O conflito na Ucrânia permite revelar quem são os “traidores” na Rússia e “purificar” o país – afirmou a Presidência russa nesta quinta-feira, 17. (…) De acordo com Putin, “o império da mentira”, que inclui países, veículos de comunicação e redes sociais ocidentais, vai querer se apoiar em “uma quinta coluna de nacional-traidores” para alcançar seus objetivos antirrussos. LINK


Putin vai subindo o tom, a guerra continua… não deveria ter alguma forma de impedir isso? Deveria, mas na prática não tem. Desfavor da Semana.

SALLY

Putin declarou publicamente que esta guerra vai servir para “purificar” a sociedade russa, separando o cidadão de bem dos “traidores”, que seriam aqueles que questionam de alguma forma a invasão à Ucrânia ou as mentiras fantasiosas que ele inventou para justificá-las. A essas pessoas, os traidores, ele prometeu duras punições para gerar um “expurgo social”.

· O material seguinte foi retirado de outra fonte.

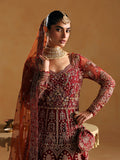 Gulaal | Wedding 25 | Jahari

Olha, se na semana passada eu estava preocupada com o povo ucraniano, esta semana eu também estou preocupada com o povo russo. O povo russo não se confunde com seu presidente, o povo russo, ao que tudo indica, também é vítima dele.

Por qual motivo o resto do mundo não pulou quando ouvir essa declaração pública do Putin? O último que falou em purificação e em expurgar pessoas da sociedade criou o Holocausto. Ninguém está se incomodando não? Vão pagar para ver?

Talvez o povo russo precise de tanto socorro quanto os ucranianos, com a diferença de que o mundo todo sabe e entende o que está acontecendo com os ucranianos, mas, boa parte do mundo não tem a menor ideia do que está acontecendo com o povo russo.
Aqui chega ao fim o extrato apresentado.